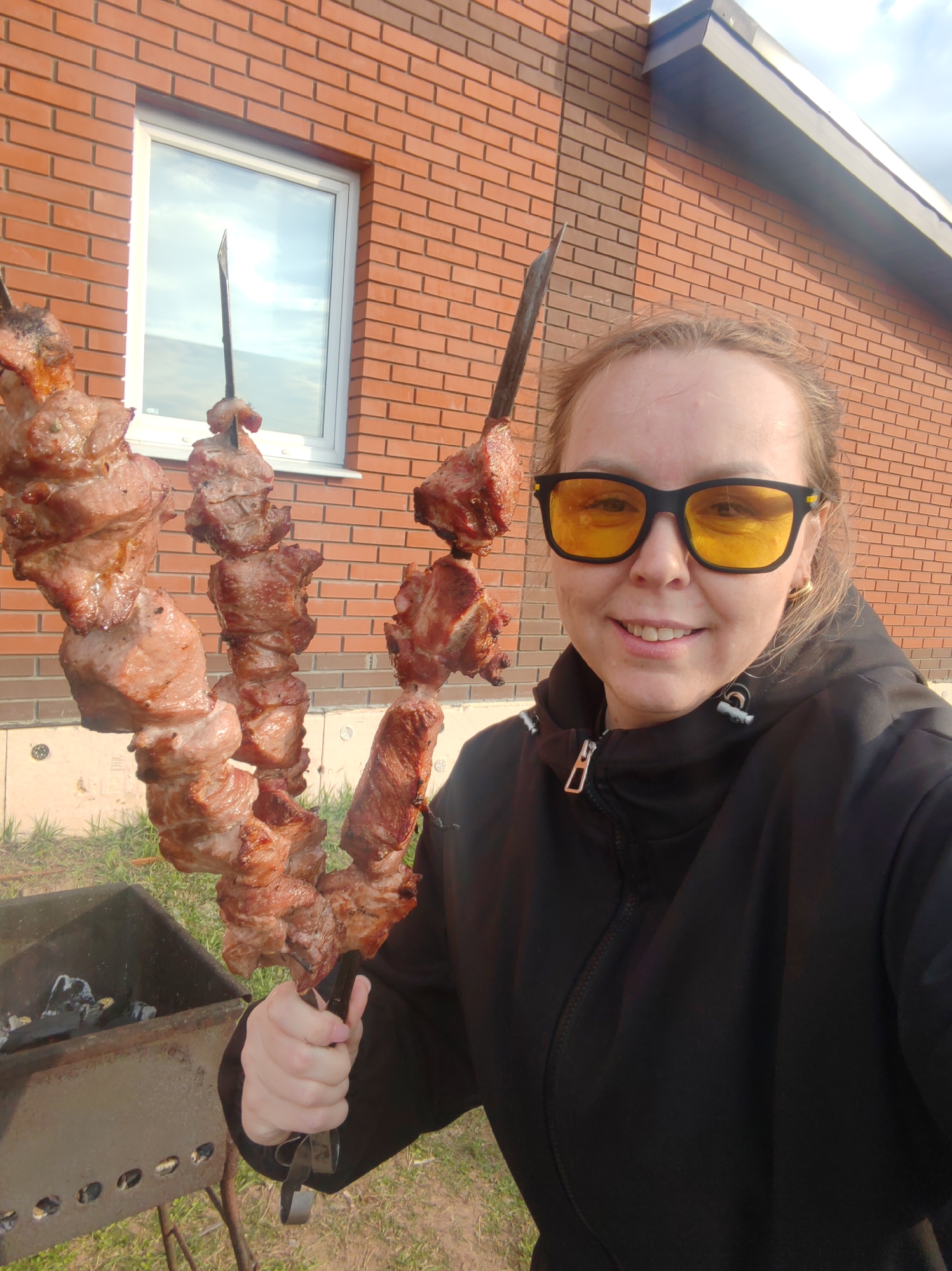 The image is a selfie of a person holding two skewers of cooked meat in front of a brick building with a window. The person is wearing yellow-tinted sunglasses and a black jacket. A charcoal grill is visible in the lower left of the image. The building is likely located in the city of Chaikovsky, Russia.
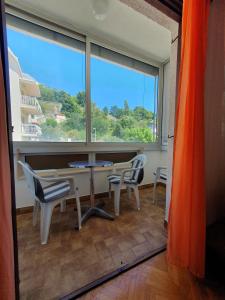 a room with a table and chairs and a large window at Apartmani Miljak Omiš in Omiš +53 photos
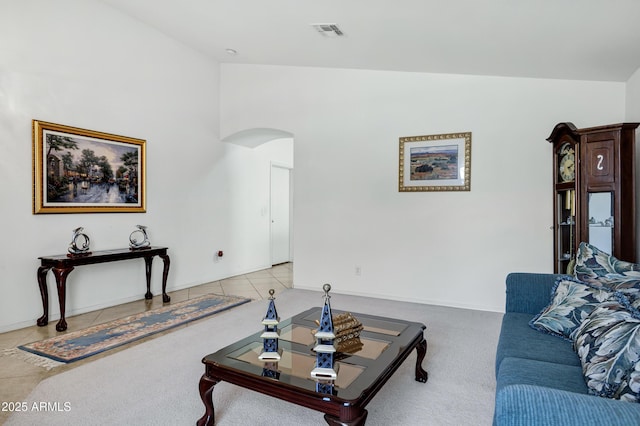 23862 W Chambers St, Buckeye, AZ 85326 - living room with arched walkways, light carpet, and lofted ceiling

EXERCISE:
Give the listing again word for word, but drop every picture.

ANSWER BOX:
 The image is a selfie of a person holding two skewers of cooked meat in front of a brick building with a window. The person is wearing yellow-tinted sunglasses and a black jacket. A charcoal grill is visible in the lower left of the image. The building is likely located in the city of Chaikovsky, Russia.
 a room with a table and chairs and a large window at Apartmani Miljak Omiš in Omiš +53 photos
 23862 W Chambers St, Buckeye, AZ 85326 - living room with arched walkways, light carpet, and lofted ceiling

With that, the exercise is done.